Page MenuHomeMiraheze

Request to be security reviewer
Closed, ResolvedPublic

Description

Is it possible to become a security reviewer for Miraheze? I did see the Miraheze vacancies page and it said it was, but am uncertain if that's still the same. Someone requested I do this, because the current ones are understandably busy (and I do want to help). I do know PHP fluently, and have knowledge of SQL, so was wondering if this is possible. If so, how do I proceed? If not I understand. Thanks!

Event Timeline

Universal_Omega triaged this task as Normal priority.Wed, Aug 19, 20:34
Universal_Omega created this task.
Universal_Omega renamed this task from Application for security reviewer to Security review.Wed, Aug 19, 20:38

Adding the current security reviewers for their thoughts and maybe you could invent a proficieny test.

@Universal_Omega: do you have examples of the work you've done before? GitHub? Sonarcloud? https://sourcerer.io/ ?

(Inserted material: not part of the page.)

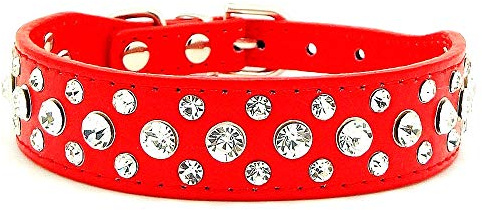 Bling Rhinestone PU Leather Crystal Diamond Pet Dog Cat Puppy Collar S M L XL，Red：Small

Good to see interest in this job! I would recommend doing an actual security review of a pending extension, using the checklist from https://www.mediawiki.org/wiki/Security_checklist_for_developers. Note the good (e.g. CSRF tokens used, code being compliant with MediaWiki's standards and thus making the review much easier) and bad points (e.g. a lot of htmlspecialchars usage within echo statements, instead of using the Html functions) of the extension's code, security risks you find (e.g. accessing external resources, thus introducing DoS possibilities, passing user input directly into shell commands). Especially for a somewhat larger extension, that gives me an idea about your review capabilities. If I think you are capable of doing security reviews for real, you may be grant permission to approve extensions without being in a SRE position or similar.

Universal_Omega updated the task description. (Show Details)

Good to see interest in this job! I would recommend doing an actual security review of a pending extension, using the checklist from https://www.mediawiki.org/wiki/Security_checklist_for_developers. Note the good (e.g. CSRF tokens used, code being compliant with MediaWiki's standards and thus making the review much easier) and bad points (e.g. a lot of htmlspecialchars usage within echo statements, instead of using the Html functions) of the extension's code, security risks you find (e.g. accessing external resources, thus introducing DoS possibilities, passing user input directly into shell commands). Especially for a somewhat larger extension, that gives me an idea about your review capabilities. If I think you are capable of doing security reviews for real, you may be grant permission to approve extensions without being in a SRE position or similar.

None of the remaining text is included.